You got mostly B’s: You are a little too connected

  • Le Fur’s analysis: As you are a bit too connected, opt for a light “digital detox” strategy. Be careful not to tackle all of the issues at the same time and go cold turkey: the deprivation may be too great and the defeat even more depressing.

  • Advice from the expert: Start with little wins. For example, plan a nice breakfast for the next day, which doesn’t include working from your bed. Do breathing exercises between several intensive uses of the screen at the office or at home, find a couple of friends to do a non-digital activity with. But also, start putting your phone on airplane mode at least an hour before going asleep to avoid any risk of professional intrusion that would disrupt your sleep. Your strategy will be easier to start and will last longer if it is based on small efforts dotted here and there. Now take a sheet of paper to jot down any enjoyable rituals that come to mind. These notes will serve as a basis for you to draw on when the time comes.

You got mostly C’s: You suffer from hyperconnection!

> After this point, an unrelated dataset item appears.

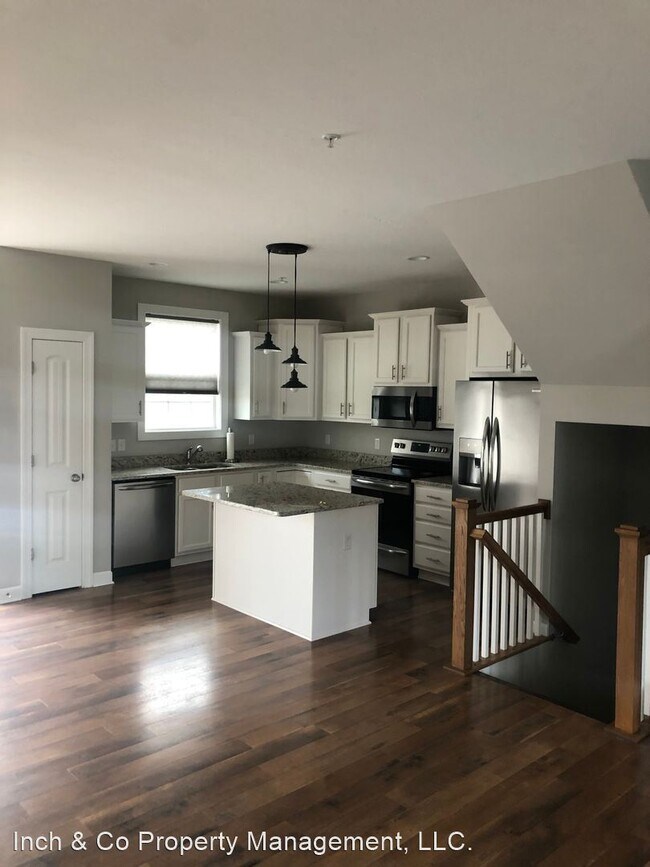 Building Photo - 3 br, 2.5 bath House - 519 Charles Ave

  • Le Fur’s analysis: Your screens and smartphones are always on and within reach. Your digital bubble might be too comfortable, but what’s behind this over-the-top behavior? Several hyperconnected profiles fall into this category. The most frequent are the “digital refuge” (your screen protects you from the hostility of the real world); the “digital power” (your control tower allows you to control and/or command); and the “digital pleasure” (your digital life is fun and exciting). In any case, you need to rebalance your screen consumption.

  • The expert’s advice: To avoid using your phone as a “digital refuge”, take advantage of coffee breaks to meet up with your colleagues and go out and get some fresh air during lunchtime. Does the “digital power” profile sound like you? Pick up your phone, but this time to set up informal meetings. As for “digital pleasure” profiles, say yes to all the opportunities for outings that sound good to you and use them to meet new people.

At work, sprinkle your days with pleasant rituals that are soothing (meditation, stretching, etc) or stimulating (laughing, games, coffee breaks, etc) to enjoy life offline and thus protect your body from a sedentary lifestyle. Outside of working hours, take back control of your life. It is important to understand the idea that you should not be connected everywhere and at all times in your life. Digital objects can quickly become addictive and make you forget everything you liked to do before they came into your life. Try to rediscover what and who you like in life, and your efforts will be rewarded with good times.

NB: This is not a science-based assessment. It was designed by Thierry Le Fur, an expert in digital and addictive behaviors, and specialist in health issues, and quality of life at work, to raise awareness about hyperconnection in the world of work.